Master of Chains - Jess Lebow [96]
* * * * *
"All right, listen up," said Captain Phinneous. He had his entire unit assembled in the common room of the barracks inside Zerith Hold. "I have volunteered all of you for late-night guard duty tonight."
This brought a few moans and groans from the men.
Under other circumstances, Phinneous might have been angry. But not today. Today he was going to get a little revenge. Nothing could spoil his good mood.
"All right, quiet down," he said. "I know none of you like that too much, but I have a little surprise for you."
The men quieted down.
"I have word that Ryder of Duhlnarim has found his way back to Ahlarkham."
"I thought he'd been shipped off to Westgate," shouted a soldier.
"Aye, lad," said Captain Phinneous. "Somehow the bastard has earned his freedom, and he's come back to finish what he started."
Phinneous looked at each of the men, making sure his words sank in. "I have it on good authority that he's going to try to infiltrate Zerith Hold tonight."
"Ah," shouted the same guard. "And we're going to be there to catch him." He slapped the guard next to him on the arm in celebration. "We'll all be heroes."
The men let out a huzzah!
Captain Phinneous shook his head. "No, lads," he said. "I've got an even better idea." The men grew quiet again as Phinneous leaned in, talking just above a whisper. "We're gonna let the man in and let him get all the way to the baron's sitting room."
"Why would we do that?"
Captain Phinneous smiled a huge bucktoothed grin. "Because, boys, we'll have a surprise waiting for our guest when he arrives. Stay sharp tonight. I've got hunch we'll be in for a spectacular show."
* * * * *
It was the darkest part of the night. The moon had yet to rise over the Deepwash as Ryder and Curtis inched their way closer to Zerith Hold.
There were only two ways into the fortress. The most accessible was the same way Ryder had been taken out-through the stables and barracks in the back where all of Purdun's elite guardsmen lived and slept. Even with Curtis's illusions, Ryder doubted there was much of a chance of his making it in through there undetected.
The other way was through the front gate. Though it, too, was heavily watched, there were far fewer guardsmen around and not nearly as much traffic. The back of the Hold was where all the real business-the comings and goings of merchants and soldiers-took place. The front was more for diplomatic purposes, and it didn't see as much use.
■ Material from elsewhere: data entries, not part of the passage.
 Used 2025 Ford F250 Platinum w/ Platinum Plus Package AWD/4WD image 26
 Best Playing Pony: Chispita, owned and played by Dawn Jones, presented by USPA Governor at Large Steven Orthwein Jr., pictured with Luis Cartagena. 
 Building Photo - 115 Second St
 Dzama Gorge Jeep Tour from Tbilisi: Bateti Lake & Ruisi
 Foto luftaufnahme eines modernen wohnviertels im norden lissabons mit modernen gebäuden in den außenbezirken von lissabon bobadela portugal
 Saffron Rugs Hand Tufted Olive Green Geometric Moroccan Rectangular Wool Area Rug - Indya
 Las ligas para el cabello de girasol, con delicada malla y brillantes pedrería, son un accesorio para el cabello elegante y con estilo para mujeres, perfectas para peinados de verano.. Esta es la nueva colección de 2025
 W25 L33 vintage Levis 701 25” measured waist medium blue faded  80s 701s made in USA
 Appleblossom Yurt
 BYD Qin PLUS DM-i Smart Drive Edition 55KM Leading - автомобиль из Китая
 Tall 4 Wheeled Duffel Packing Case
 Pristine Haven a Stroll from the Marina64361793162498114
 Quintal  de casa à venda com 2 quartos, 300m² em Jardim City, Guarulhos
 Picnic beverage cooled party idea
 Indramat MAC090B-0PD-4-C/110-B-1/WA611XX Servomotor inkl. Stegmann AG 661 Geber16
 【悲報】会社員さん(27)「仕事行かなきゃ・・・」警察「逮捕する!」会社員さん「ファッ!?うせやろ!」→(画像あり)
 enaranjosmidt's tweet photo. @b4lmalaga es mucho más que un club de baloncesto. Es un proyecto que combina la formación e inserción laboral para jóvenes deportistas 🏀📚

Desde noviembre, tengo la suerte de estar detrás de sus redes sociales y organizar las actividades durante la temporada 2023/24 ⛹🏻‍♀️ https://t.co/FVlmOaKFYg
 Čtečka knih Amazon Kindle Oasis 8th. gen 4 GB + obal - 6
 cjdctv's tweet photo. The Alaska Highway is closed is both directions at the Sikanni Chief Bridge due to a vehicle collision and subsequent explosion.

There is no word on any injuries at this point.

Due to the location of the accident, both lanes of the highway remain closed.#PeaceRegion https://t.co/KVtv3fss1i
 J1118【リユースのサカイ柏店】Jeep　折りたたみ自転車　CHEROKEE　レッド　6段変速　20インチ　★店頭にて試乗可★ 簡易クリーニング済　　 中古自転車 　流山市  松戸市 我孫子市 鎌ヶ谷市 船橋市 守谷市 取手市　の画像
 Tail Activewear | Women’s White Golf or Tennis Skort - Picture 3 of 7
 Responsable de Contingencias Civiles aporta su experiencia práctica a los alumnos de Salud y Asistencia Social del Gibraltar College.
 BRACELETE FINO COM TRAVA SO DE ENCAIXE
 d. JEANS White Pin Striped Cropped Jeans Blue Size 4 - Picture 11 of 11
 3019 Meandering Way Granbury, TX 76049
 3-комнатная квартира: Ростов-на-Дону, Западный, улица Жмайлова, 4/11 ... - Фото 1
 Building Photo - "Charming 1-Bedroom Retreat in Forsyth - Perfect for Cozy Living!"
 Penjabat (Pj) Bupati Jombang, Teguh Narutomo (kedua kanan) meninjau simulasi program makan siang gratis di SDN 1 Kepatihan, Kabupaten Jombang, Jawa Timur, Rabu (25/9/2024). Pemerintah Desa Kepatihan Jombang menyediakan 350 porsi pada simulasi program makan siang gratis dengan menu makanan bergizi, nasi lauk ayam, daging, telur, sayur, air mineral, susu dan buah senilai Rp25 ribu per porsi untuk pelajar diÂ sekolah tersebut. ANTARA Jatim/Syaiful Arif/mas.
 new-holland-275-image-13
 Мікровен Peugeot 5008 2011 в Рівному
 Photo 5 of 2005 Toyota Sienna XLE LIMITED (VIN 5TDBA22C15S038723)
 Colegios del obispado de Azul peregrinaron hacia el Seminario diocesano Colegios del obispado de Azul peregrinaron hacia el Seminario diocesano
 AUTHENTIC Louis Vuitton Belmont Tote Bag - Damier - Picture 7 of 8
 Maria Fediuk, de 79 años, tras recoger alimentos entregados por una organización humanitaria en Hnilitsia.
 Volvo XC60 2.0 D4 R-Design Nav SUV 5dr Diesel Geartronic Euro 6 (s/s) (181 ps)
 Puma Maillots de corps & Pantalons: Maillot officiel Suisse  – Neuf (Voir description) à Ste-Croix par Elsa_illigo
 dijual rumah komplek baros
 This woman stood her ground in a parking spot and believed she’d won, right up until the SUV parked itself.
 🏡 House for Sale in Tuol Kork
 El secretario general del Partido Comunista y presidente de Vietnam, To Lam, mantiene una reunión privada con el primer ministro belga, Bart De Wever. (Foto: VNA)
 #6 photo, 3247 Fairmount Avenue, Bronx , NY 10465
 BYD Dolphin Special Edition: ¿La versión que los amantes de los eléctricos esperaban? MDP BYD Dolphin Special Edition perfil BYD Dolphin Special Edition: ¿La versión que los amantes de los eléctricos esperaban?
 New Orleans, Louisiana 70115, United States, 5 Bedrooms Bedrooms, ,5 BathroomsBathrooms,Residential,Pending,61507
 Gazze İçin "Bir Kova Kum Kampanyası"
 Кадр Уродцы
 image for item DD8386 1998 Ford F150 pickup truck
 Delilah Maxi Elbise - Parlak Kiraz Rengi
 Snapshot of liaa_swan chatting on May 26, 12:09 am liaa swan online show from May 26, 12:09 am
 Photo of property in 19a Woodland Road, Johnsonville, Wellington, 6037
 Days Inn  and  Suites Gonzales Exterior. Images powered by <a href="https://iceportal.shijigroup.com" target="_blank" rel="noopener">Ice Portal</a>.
That night, Ryder was going to be a visiting foreign dignitary-an uninvited ambassador from Fairhaven.
Though the portcullis and double doors that blocked entry to Zerith Hold were down and closed, the drawbridge had not been raised. A person so inclined could walk right up to the front door of Zerith Hold and knock on the heavy wood. That wouldn't be the way Ryder chose to enter.
The huge chains that lifted the bridge back up against the doors of the Hold hung slack from the top of the wall. They attached to the wooden drawbridge by two large cast-iron hooks that were forged directly into the bridge. The links of the chain rose into the air, sagging as they climbed toward the top of the wall and through two large holes in the stone. Ryder had never seen the other side of the door, but he assumed the rest of the chains were connected to a wheel or a pulley, some mechanism that allowed a handful of guardsmen to open and close the drawbridge as the need arose.
Ryder watched the guards on top of the wall. From what he could tell, there were only a handful of them up there. They were paired off, and they marched from one end of the wall on a strict rotation. In the time it took Ryder to count to three hundred, one patrol had covered the entire length of the wall and had moved out of sight.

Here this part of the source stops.